Pada tahun 2004 s/d tahun 2006 beban biaya penyusutan merupakan varian yang merugikan perusahaan yaitu tahun 2004 sebesar Rp. 1592 juta (93,2%), tahun 2005 Rp. 1.046 juta (50,7%) dan tahun 2006 sebesar Rp. 394 juta (13,0%). Varians ini disebabkan penyusutan yang terjadi melebihi dari anggaran yang ada, hal ini menunjukkan masih kurang akuratnya perencanaan beban penyusutan aset yang dibebankan ke biaya produksi. Berdasarkan informasi yang diperoleh oleh Penulis, dalam penyusunan anggaran Biaya Produksi ada kemungkinan Biaya penyusutan ini sering dijadikan alat untuk menekan biaya produksi dan Harga Pokok Produksi.
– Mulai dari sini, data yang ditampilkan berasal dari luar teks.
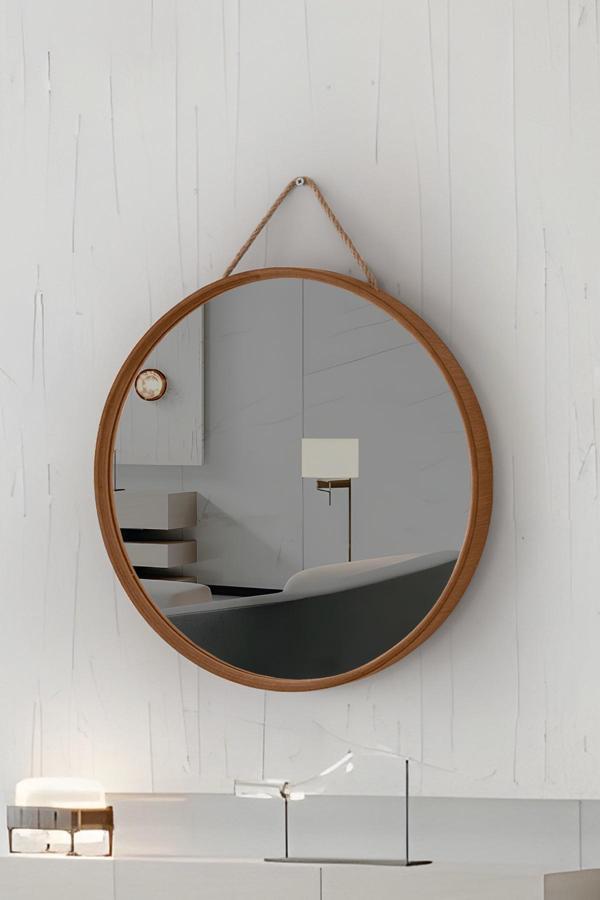Mirora Yuvarlak Dekoratif Duvar Aynası | Boyalı Ahşap Çerçeveli | 48cm | Meşe - Image 1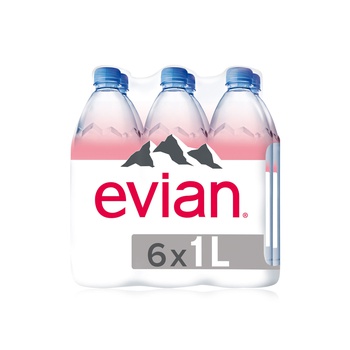 Evian Natural Mineral Water 1 litre x 6
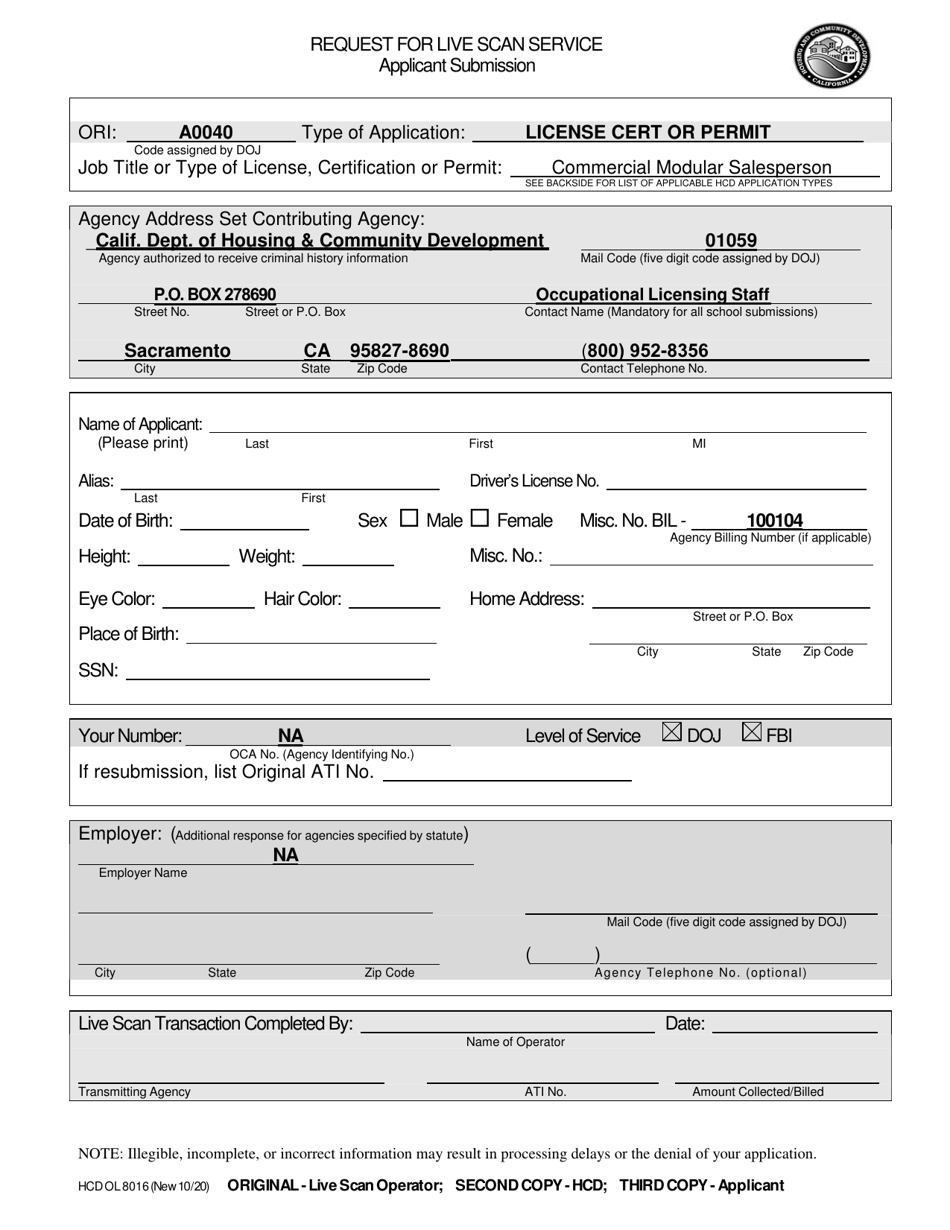 Form HCD OL8016 CM SP Request for Live Scan Service - Commercial Modular Salesperson - California, Page 1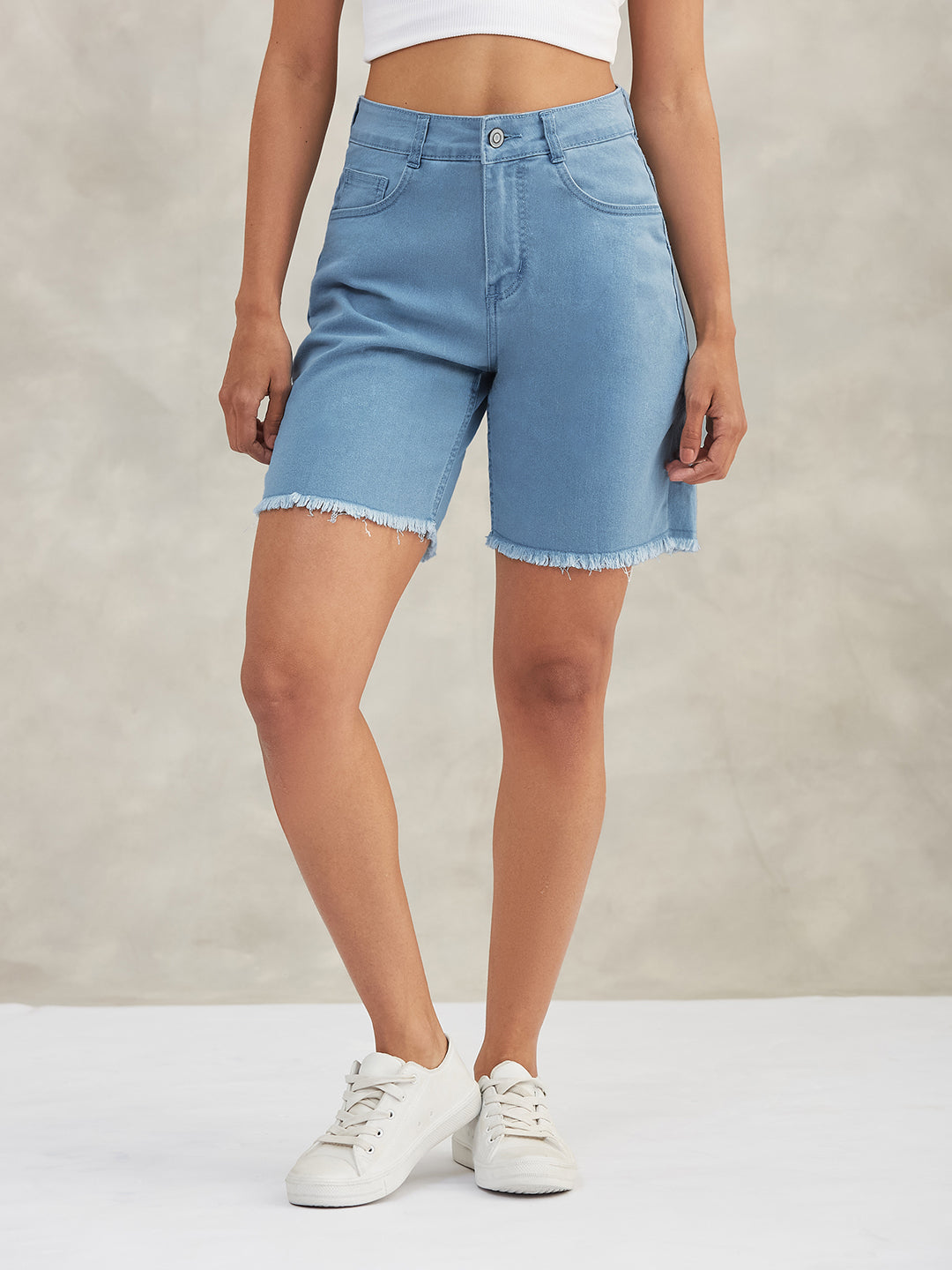 Women's Light Blue High-Rise Above-Knee Stretchable Denim Shorts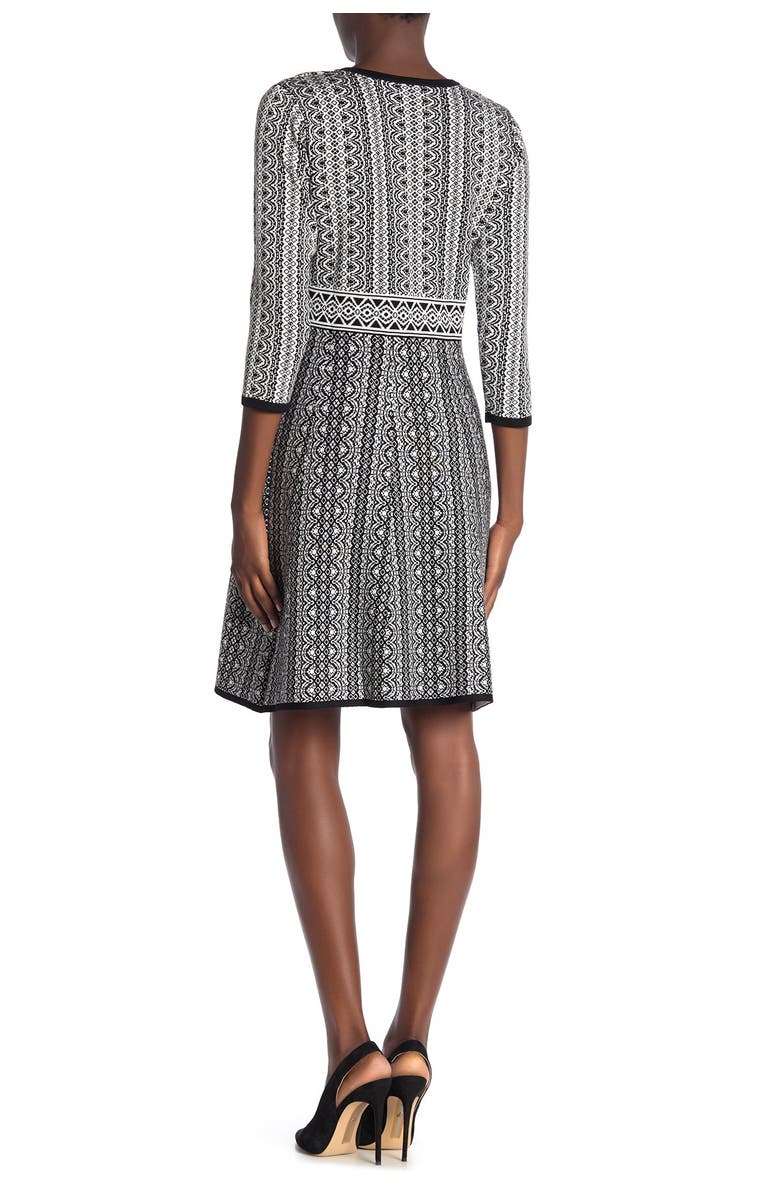 Nina Leonard Geometric Print Sweater Dress, Alternate, color,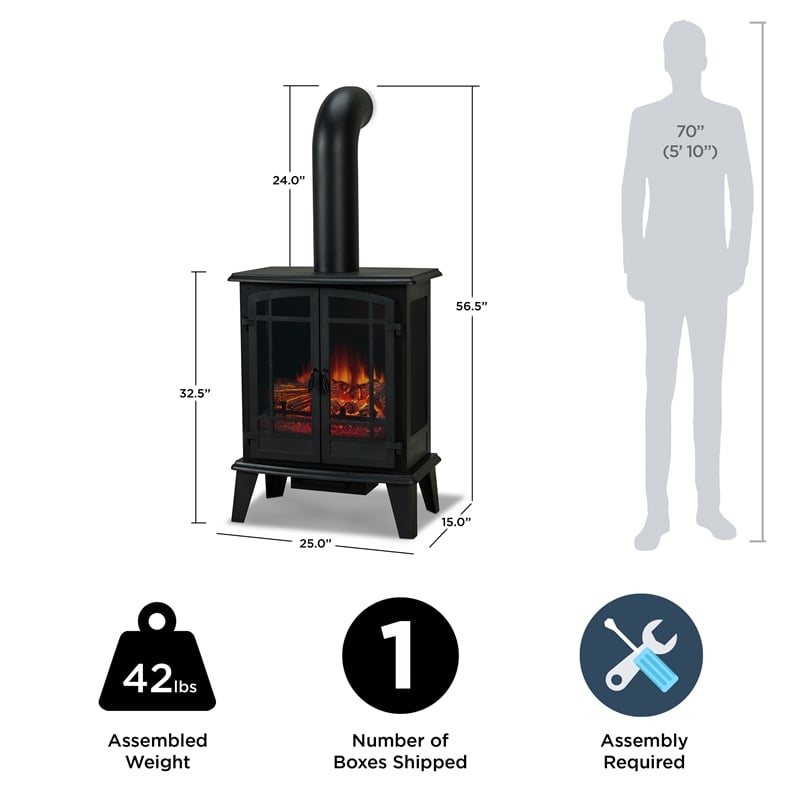 Real Flame Contemporary Metal Foster Stove Electric Fireplace in Black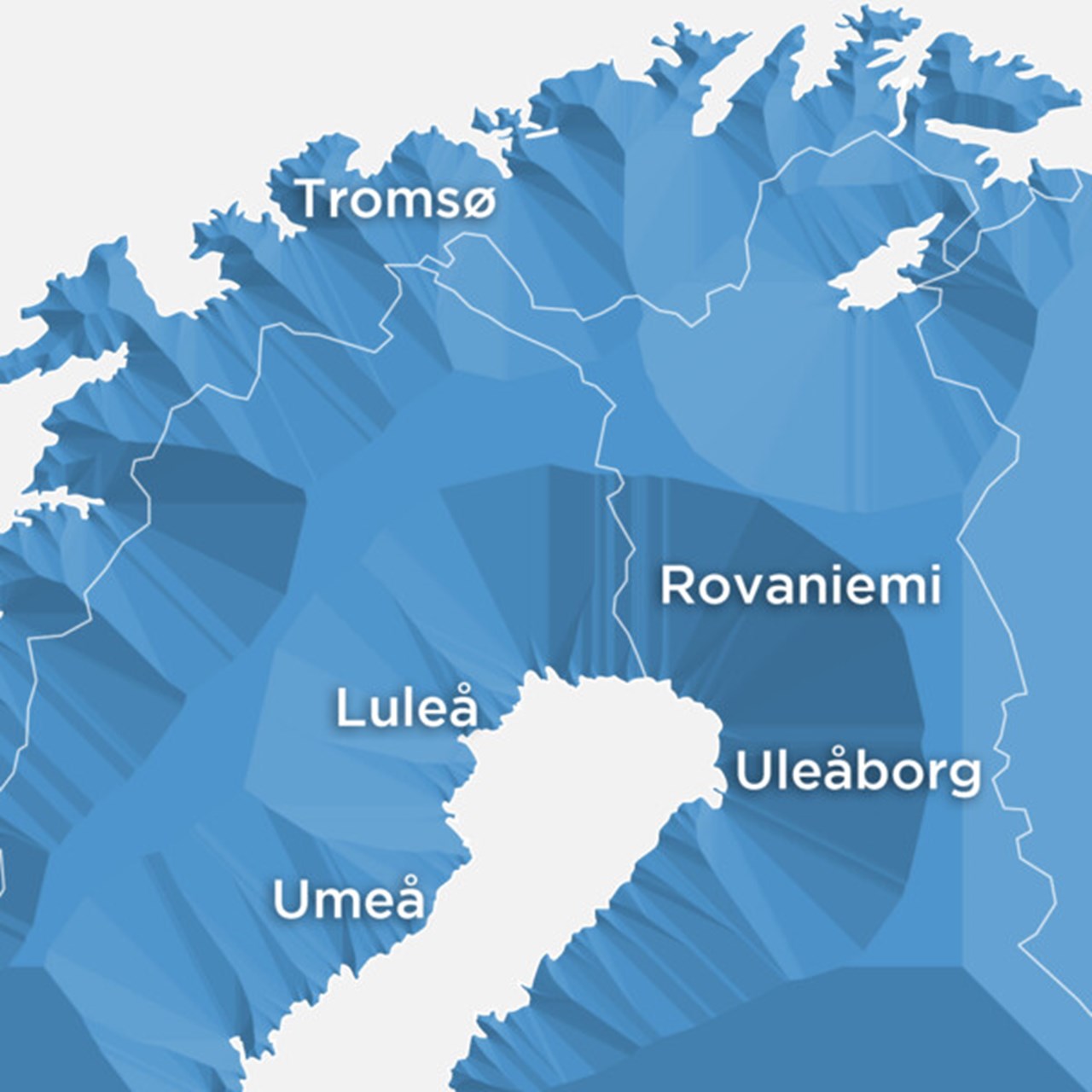 Karta över norra Sverige, Norge och Finland med städerna Umeå, Luleå, Tromsö, Rovaniemi och Uleåborg markerade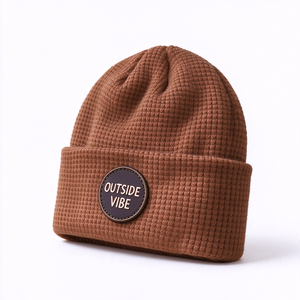 Bonnet en tricot gaufré personnalisé avec patch, 100 % acrylique, chaud, pour l'hiver, unisexe, 56-58 cm, pour le quotidien, les loisirs, les activités de plein air et les voyages - Product Image 5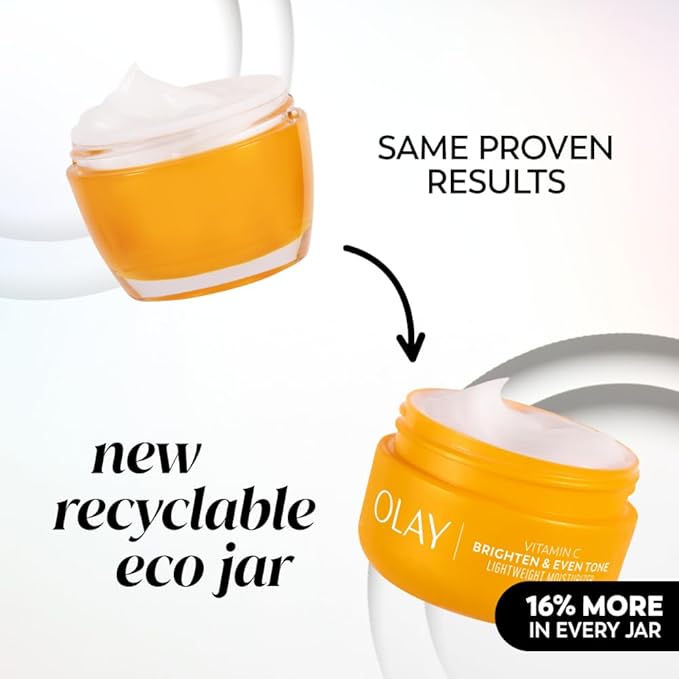 Olay Bright & Even Vitamin C with Lactic Acid Face Moisturizer, 2 oz Lightweight Brightening Face Cream for Uneven Skin Tone, Recyclable Eco Jar Packaging, Value Size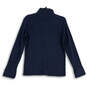 Mens Blue Mock Neck Long Sleeve Quarter Zip Pullover Sweater Size Small image number 2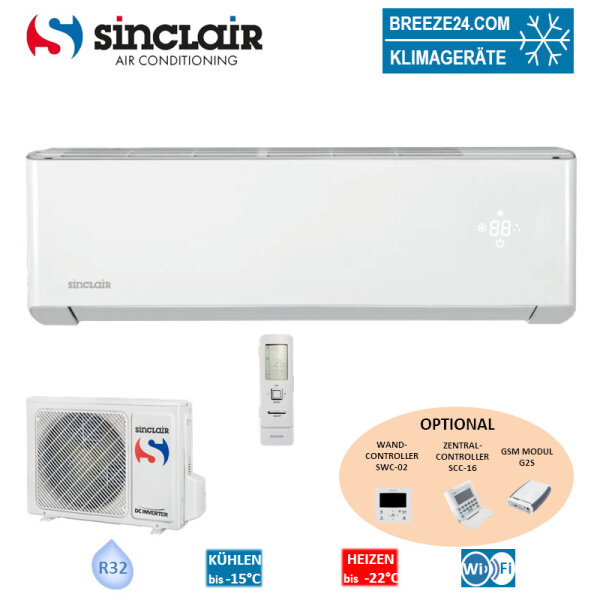 Sinclair Set Wandgerät Spectrum Plus 7,1 kW ASH-24BIS2WE + Außengerät | WiFi | Raumgröße 70 - 75 m²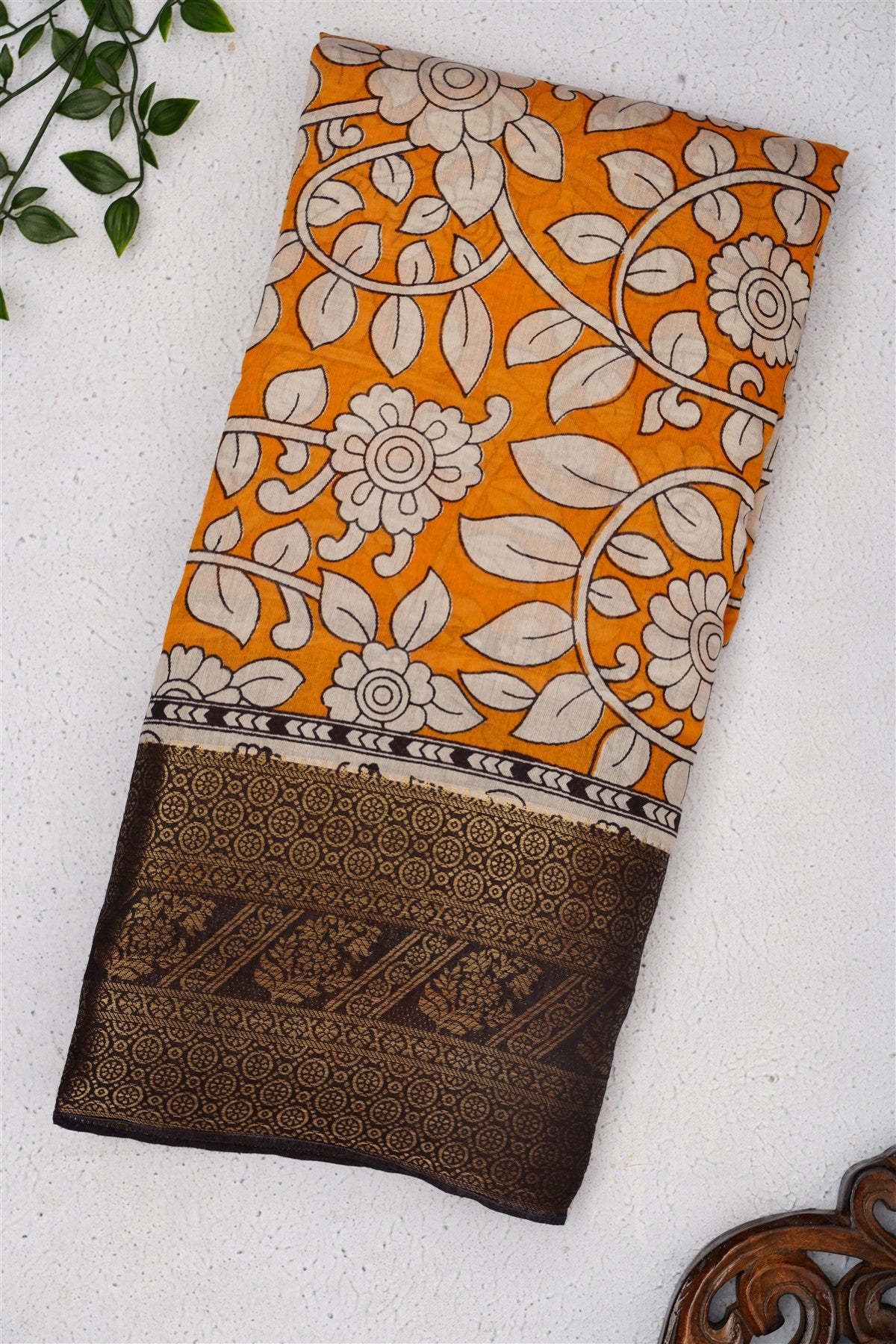 Fancy Maheshwari Silk Mustard Saree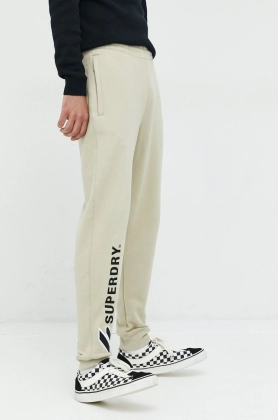 Superdry pantaloni de trening din bumbac barbati, culoarea bej, cu imprimeu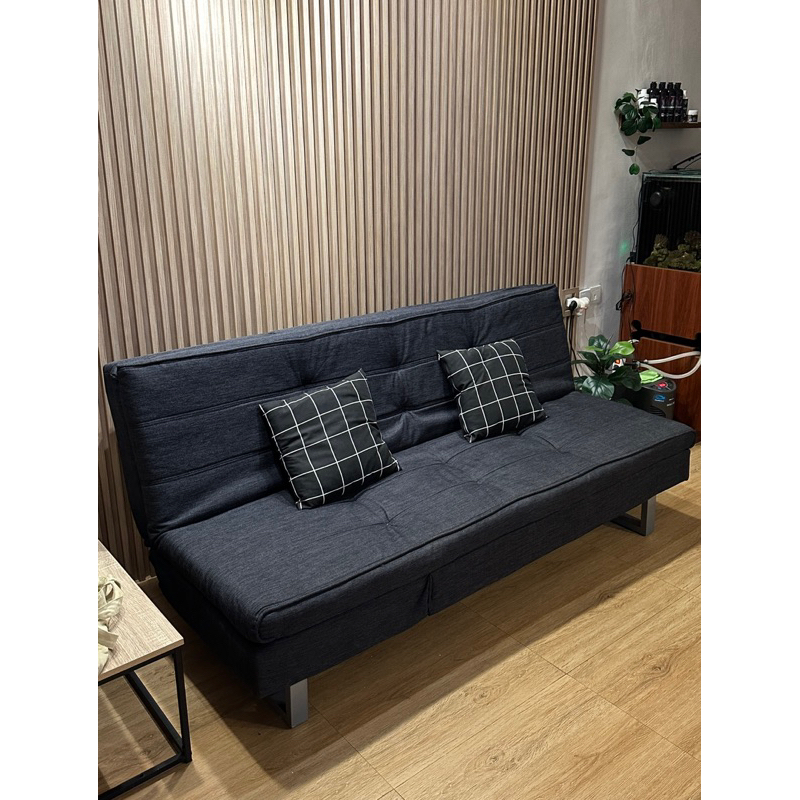 Sofa Bed Informa Relax Izzy Hitam Abu Second Gratis Cover &amp; Bantal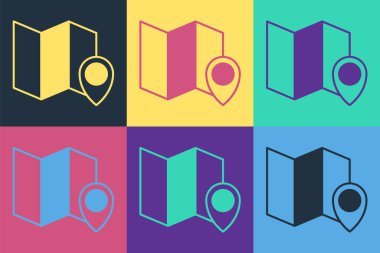 Pop Art Katlanmış Harita renk arkaplanında konum simgesi simgesi izole edildi. Vektör.
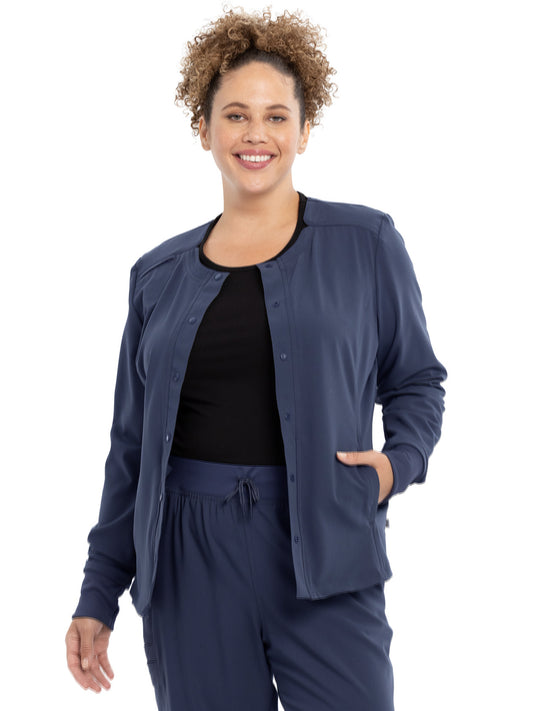 Women's Notched Collar Snap Front Jacket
Apabila Anggaran Biaya Produksi Unit/Kebun yang diajukan oleh Manajer Unit dianggap terlalu besar oleh Kantor Pusat, maka salah satu cara yang paling mudah untuk menguranginya adalah dengan mengurangi beban biaya penyusutan. Hal ini dikarenakan Kantor Pusat menginginkan Harga Pokok Produksi yang seminimal mungkin, sehingga yang dominan dilihat oleh Tim Kantor Pusat adalah Harga Pokok Produksi secara keseluruhan bukan item per item dari anggaran Biaya Produksi.